“Forgive and forget” is a phrase that is given as advice. As a child, I remember being upset over a transgression and yelling, “I don’t want to forgive her, and I won’t forget it!” Forgive and forget seemed to mean that I should pardon the misdeed and pretend it never happened. That, in my mind, just wasn’t right.
When a neighbor girl pushed me down, causing me to skin my knees, and proceeded to take my popsicle money, it seemed plain stupid to pardon the grievance and pretend it had never happened.
Surely I needed to remember the incident, so I could protect myself from it happening again. Pardon the grievance? Taking my popsicle money was stealing. All I knew was that stealing was on the list of don’ts for the Ten Commandments. These were ten things that God didn’t want us to forget, so how could I? This is the way I saw it when I was six years old.
As I’ve had children of my own and taught school, I’ve learned that hurt occurs in one of two ways: accidentally or intentionally. We need to help our children be prepared to deal with the inevitable in their lives.
Accidents hurt as much as an intentional wound. I’ve taught my pre-school students that when an accident occurs, they have responsibilities. If they are hurt, they need to let the others involved know that they are and what they need to remedy it, as it may not be apparent. For example, “I hurt my knee. Can you get me a bandage?”
If their actions caused an accident, I coached them to offer an apology. By ignoring the incident and not apologizing, they ran the risk of people thinking they acted on purpose. The sooner an apology is offered, the better. Between the ages of three to six, children are in a critical period for learning social skills, so showing them how to apologize can be done in a matter-of-fact way.
An apology consists of four steps.
- First, say you’re sorry.
- Secondly, ask how to help the other person get back to normal or feel better.
- Then offer to change behavior, so the incident doesn’t recur.
- Finally, ask for the apology to be accepted.
A sincere apology might sound like this: “I’m so sorry. I didn’t mean to run into you. Are you hurt? How can I help you? I’ll be more careful about where I’m going. Will you accept my apology?”
Being accidentally hurt by a person who expresses concern about you can be forgiven and forgotten. Most of the hurts of a three- to six-year-old are accidental. As we get older, unfortunately, we need to learn to deal with those who intended to harm us.
With intentional aggression, we need to teach a deeper interpretation of “forgive and forget.” Our elementary-age children will deal with people taking their possessions, name calling, physical threats and more. As adults, we may have to deal with the person who robs our house, the co-worker who lies and gossips about us or the con artist who embezzles our savings. People with no remorse, who hurt us intentionally, are hard to forget about and forgive.
It’s easy to fall into the trap of wanting to hurt those who have hurt us. We want to avenge ourselves and prove they are wrong. Wanting to get even can consume us and rob us of enjoying our lives. We all know of people who have spent years trying to get even. They couldn’t forget about the incident or forgive it. If they had known how, they could have recovered and gotten on with their lives. Isn’t this what we want for our children?

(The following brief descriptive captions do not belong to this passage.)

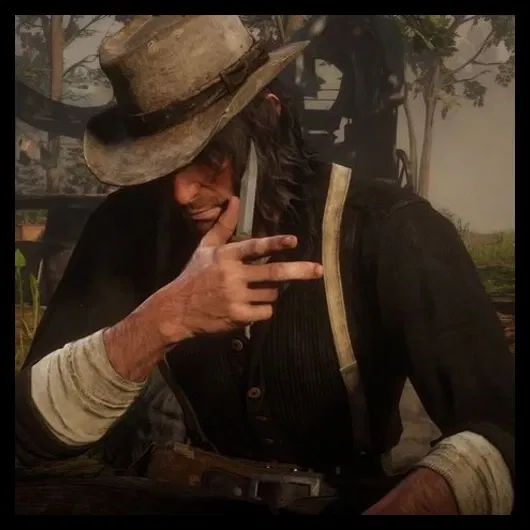 Avatar of ✰ | john marston.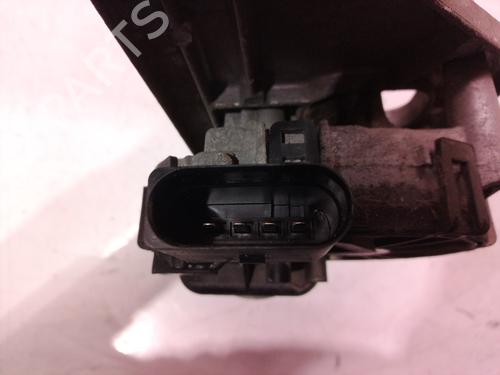 Viskermotor vindrude FORD FOCUS II (DA_, HCP, DP)  | BP8728278M29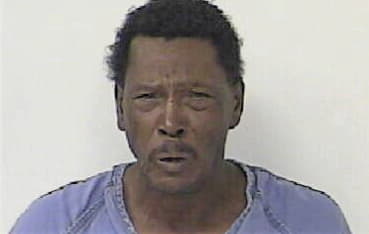 Timothy Dawson, - St. Lucie County, FL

Forgive is an old word, from the Old English word to “give forth.”
Give forth what? Love.
To heal our wounds, we must “give forth” love to our aggressor. Just as we can’t expect orange juice from a lemon, we can’t expect people who feel unloved to show love to others.

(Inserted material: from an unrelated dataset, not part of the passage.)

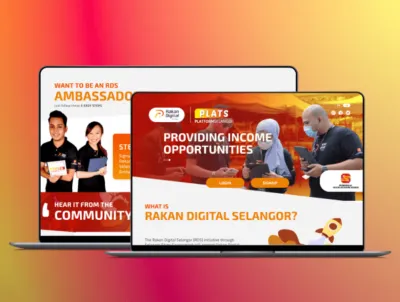 Rakan Digital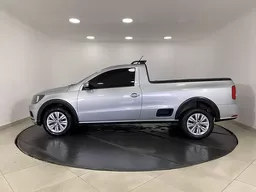 Volkswagen Saveiro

There are stories of people “forgiving” the murderers of loved ones. “Giving forth” love was the beginning of the healing process for the survivors. The forgiven murderers also began to feel remorse and heal as they experienced, probably for the first time in their lives, the power of love and forgiveness. The murderer is not pardoned. He still has to suffer the consequences of his actions. His actions are not condoned.
The process of “giving forth” love by forgiving releases victim and perpetrator from a downward spiral of revenge and hatred. Forgiving helps them heal and regain peaceful lives.
Forgiving is a gift to ourselves because it lets us heal and reclaim our lives. We also need to forget. To forget, we have to “get forth” with our lives and not be consumed with revenge or hatred. If we don’t move forward and continue to dwell on the injustices of the past, we will be stuck in a morass of hatred, losing the joyfulness of our lives.
To help our children, we need to remember the old phrase, “Give forth and get forth.” Forgive and forget. It is not about pardoning and ignoring wrongdoing.
It is a time-tested adage to help us live a life filled with love and joy and experience the power of living in the now.